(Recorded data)
************

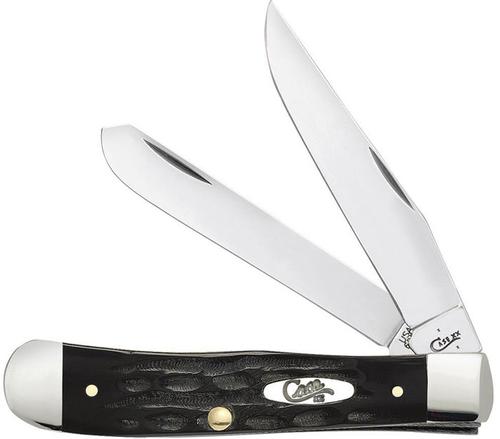 Case Jigged Buffalo Horn Trapper Pocket Knife (65010)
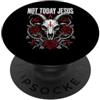 Dark Occult Horror Graphics Not Today Jesus Occult Horror Graphic Halloween Witchcraft PopSockets PopGrip Adesivo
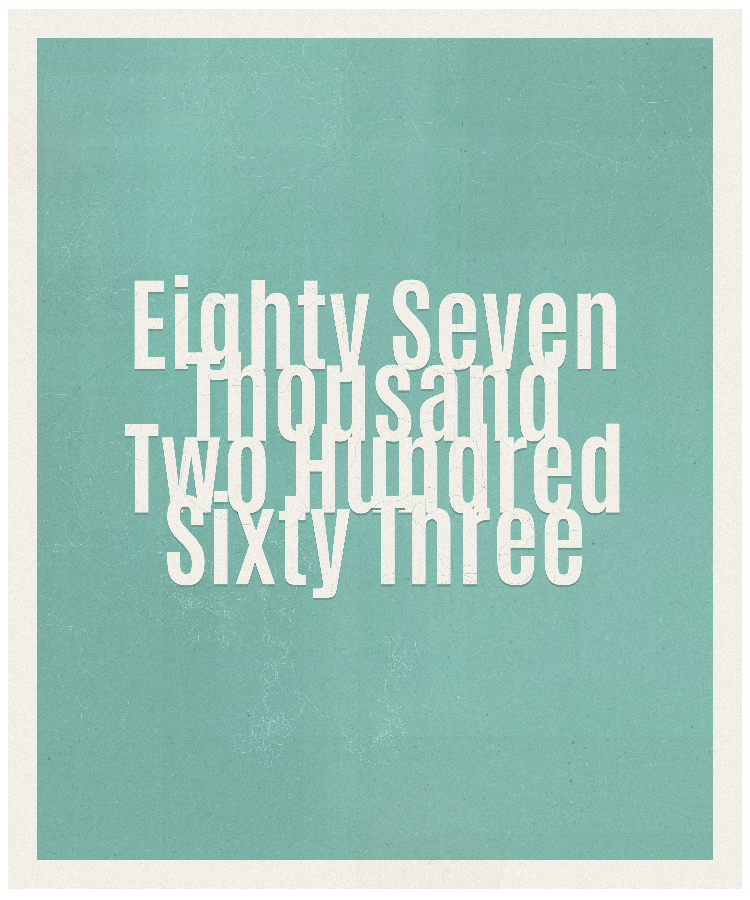 Count #87263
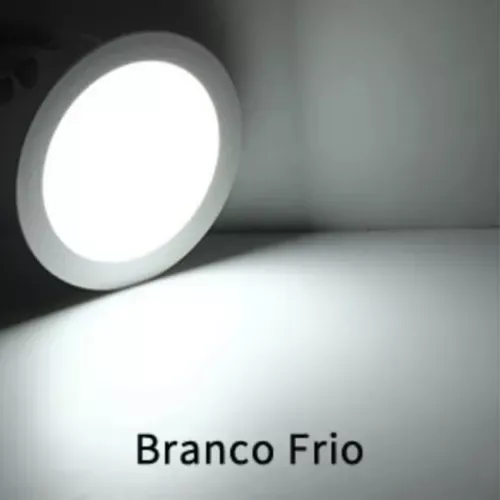 SPOT PRETO RECUADO DE EMBUTIR QUADRADO 74MM 3W LED 6500K BLUMENAU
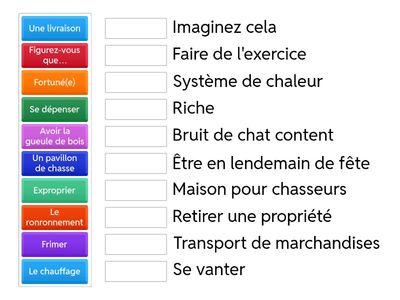Vocabulaire Français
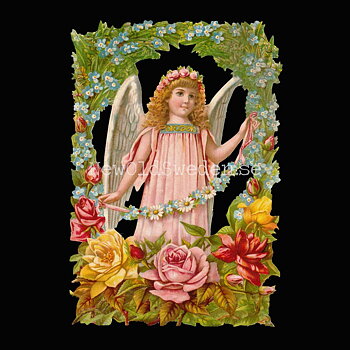 Pink Angel 11x16 cm - Bokmärke © Ernst Freihoff 5109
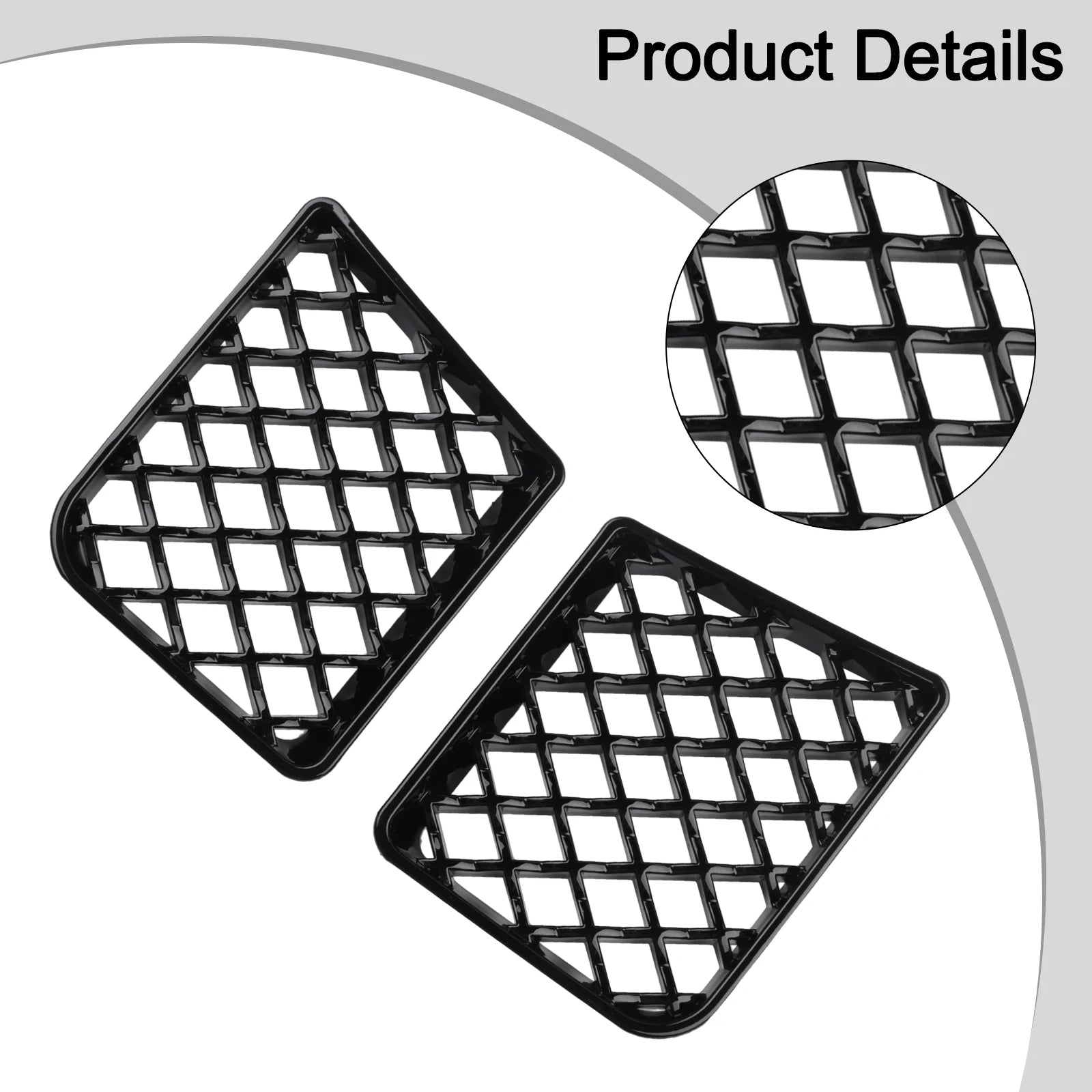 5 Pieces Front Bumper Center Lower Grille Mesh Guard for BMW G87 M2 2023-2025 Mesh Design for Enhanced Cooling and Vehicle Style Oasis Select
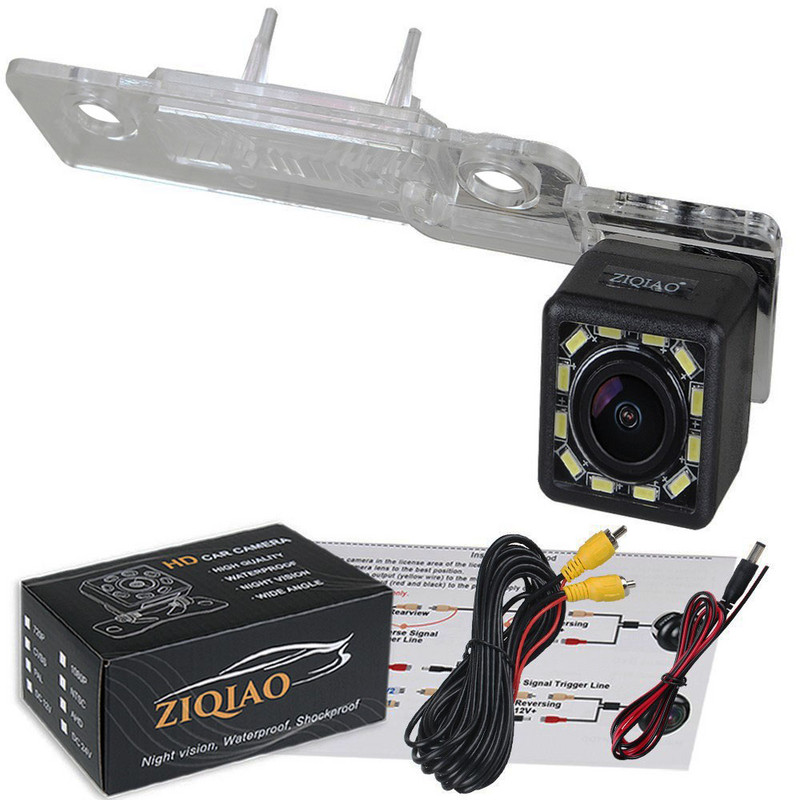 ZIQIAO pentru Skoda Octavia A5 2008-2014 Accesorii pentru iluminarea plăcuței Cameră spate HD HS086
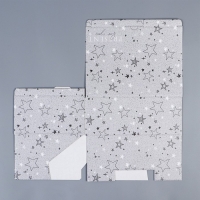 Коробка подарочная сборная, упаковка, &laquo;Звёзды&raquo;, 26 х 19 х 10 см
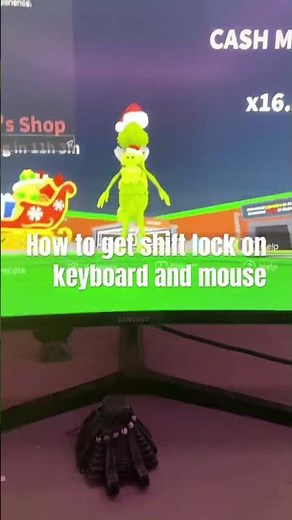 How to get shift lock on keyboard and mouse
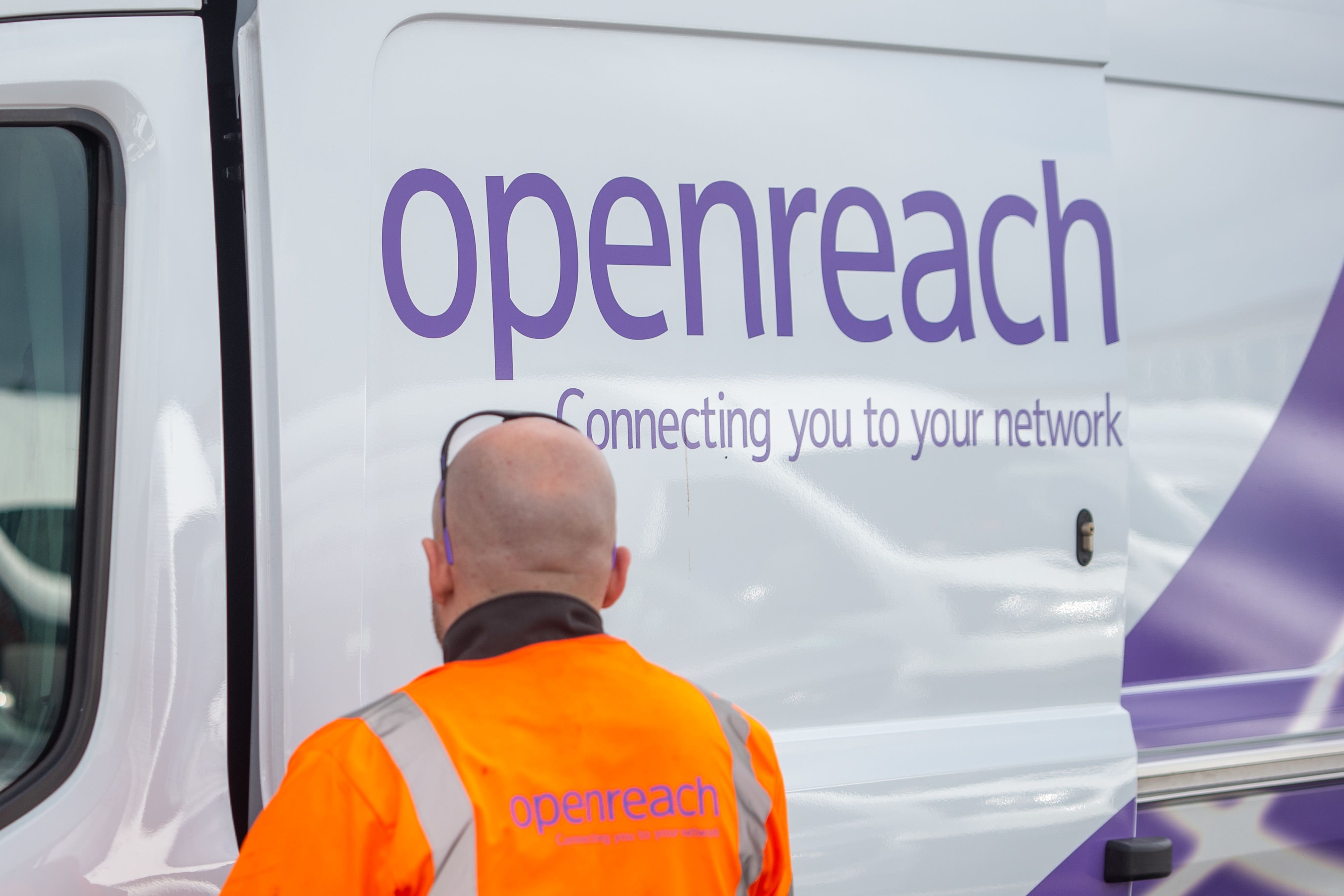 Openreach said demand for higher speeds and greater bandwidth continued to grow (Joe Giddens/PA)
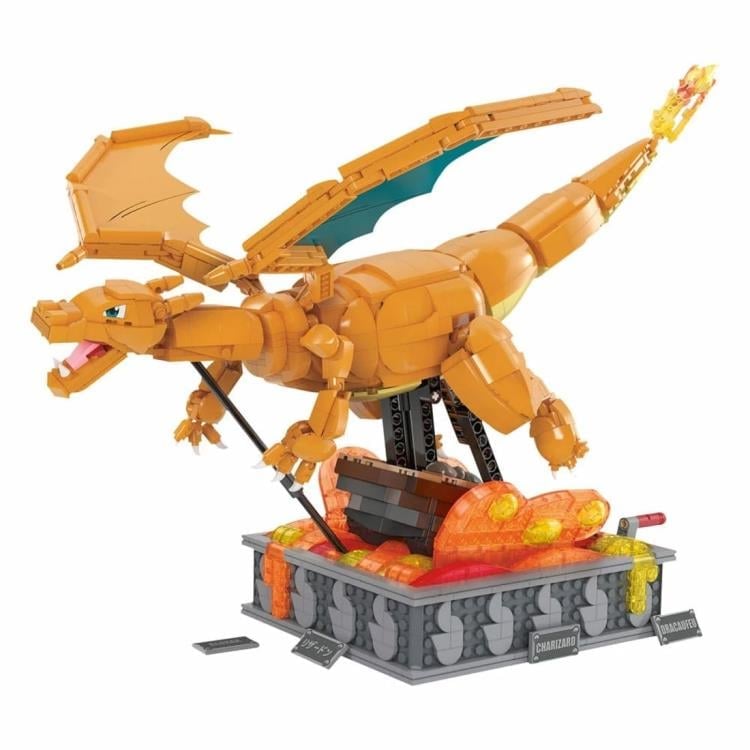 Pokemon Mega Construx Wonder Builder Motion Charizard Gallery Image 3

************

Prompt
With the pictures left out, restate word for word every line of the data above, from the first down to the line that contains "Pink Angel 11x16".

Solved exercise
 Case Jigged Buffalo Horn Trapper Pocket Knife (65010)
 Dark Occult Horror Graphics Not Today Jesus Occult Horror Graphic Halloween Witchcraft PopSockets PopGrip Adesivo
 Count #87263
 SPOT PRETO RECUADO DE EMBUTIR QUADRADO 74MM 3W LED 6500K BLUMENAU
Vocabulaire Français
 Pink Angel 11x16 cm - Bokmärke © Ernst Freihoff 5109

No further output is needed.